Task statement:
Nothing but the pictures is dropped; write out all the remaining data below exactly.

○ ○ ○ ○ ○

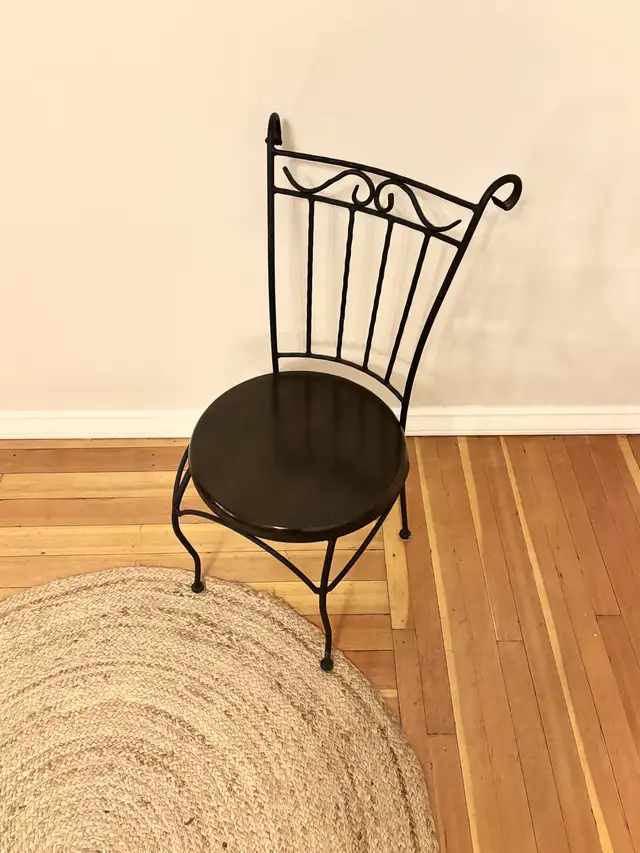 wrought iron & solid wood chairs  in Chairs & Recliners in Nelson - Image 6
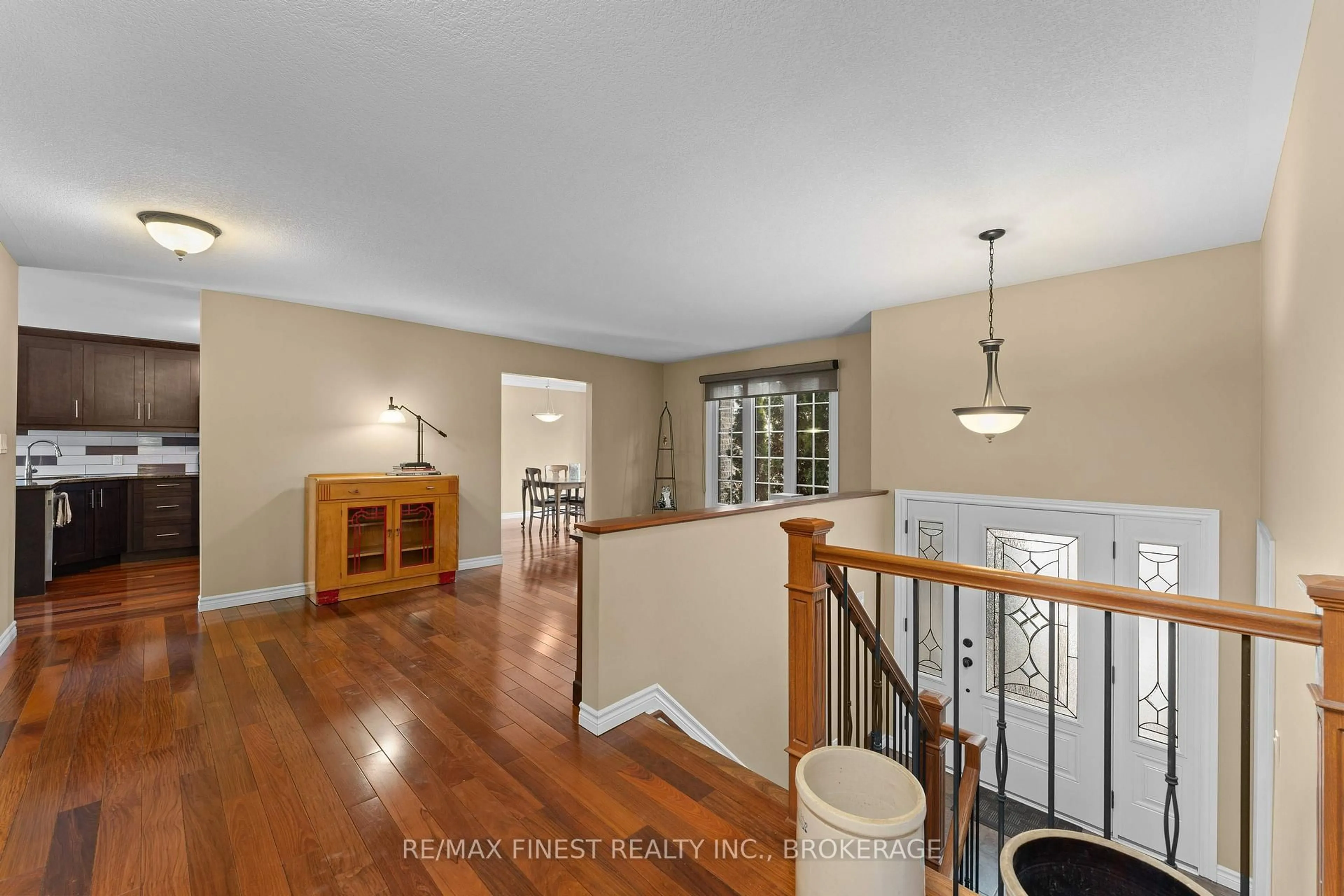Indoor foyer for 75 Barker Dr, Kingston Ontario K7K 6X6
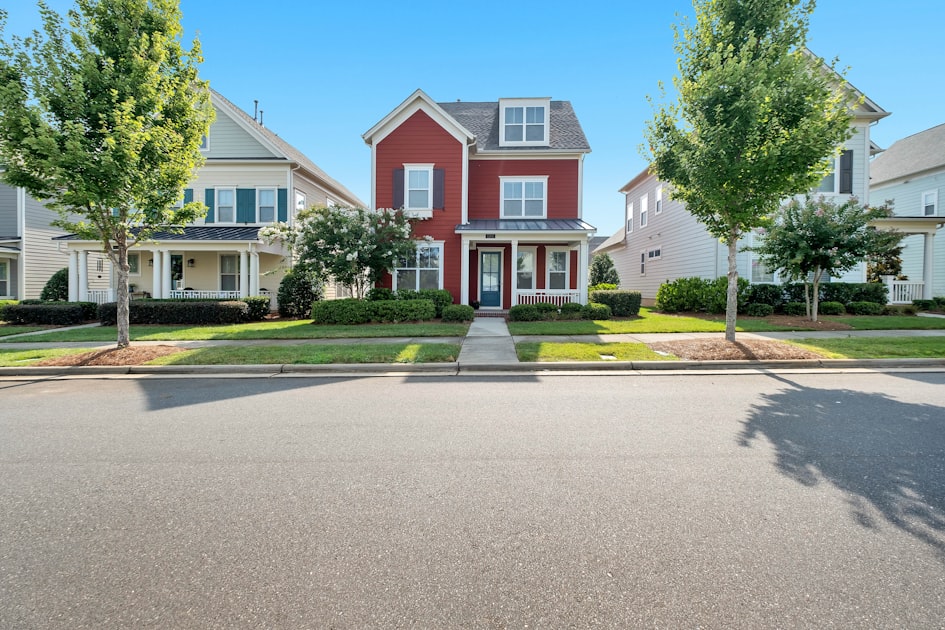 Why Barrett Henry Is the Sun City Center FL Realtor You Need in 2026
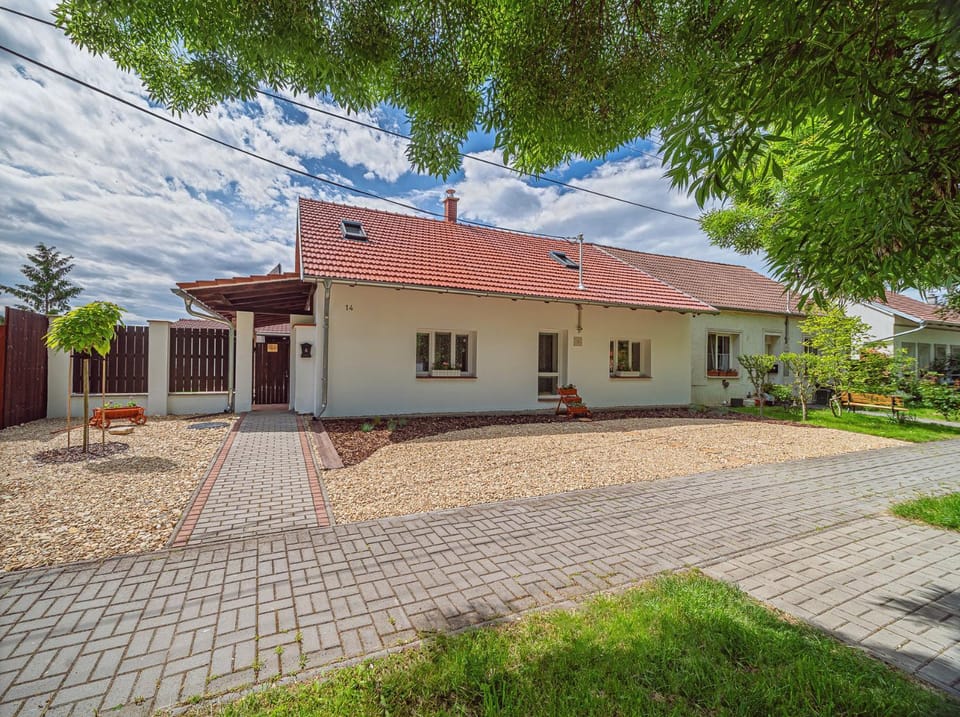 Property building, Street view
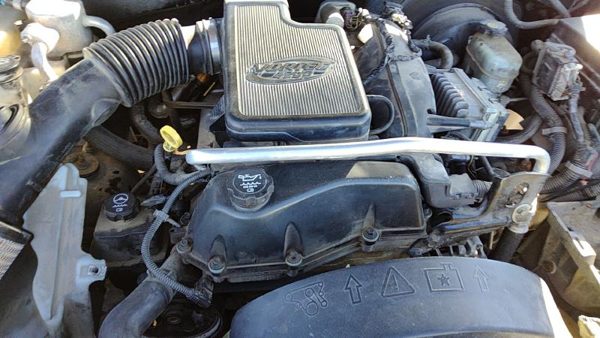 2002-2005 Chevy Trail Blazer Valve Cover Oem 4.2L 12591994 — photo 1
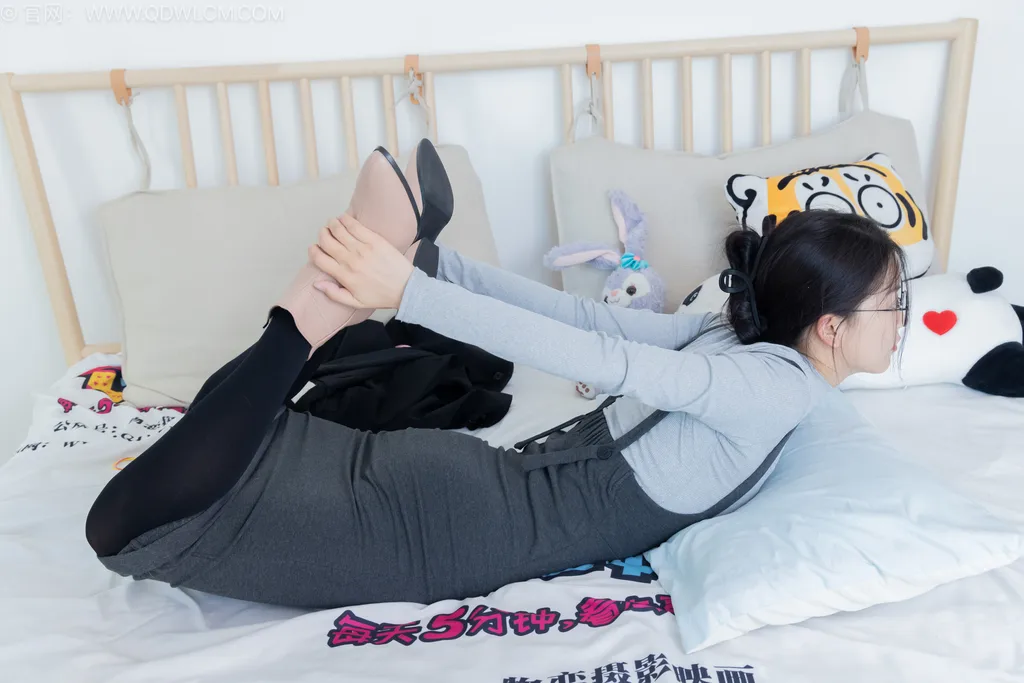 图片[3]-勿恋传媒 NO.2533 茯苓-短靴、厚黑丝、皮筋绑脚老头乐挠脚[159P/1V/4.04GB]-美图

○ ○ ○ ○ ○

Exercise output:
 wrought iron & solid wood chairs  in Chairs & Recliners in Nelson - Image 6
Indoor foyer for 75 Barker Dr, Kingston Ontario K7K 6X6
 Why Barrett Henry Is the Sun City Center FL Realtor You Need in 2026
 Property building, Street view
 2002-2005 Chevy Trail Blazer Valve Cover Oem 4.2L 12591994 — photo 1
 图片[3]-勿恋传媒 NO.2533 茯苓-短靴、厚黑丝、皮筋绑脚老头乐挠脚[159P/1V/4.04GB]-美图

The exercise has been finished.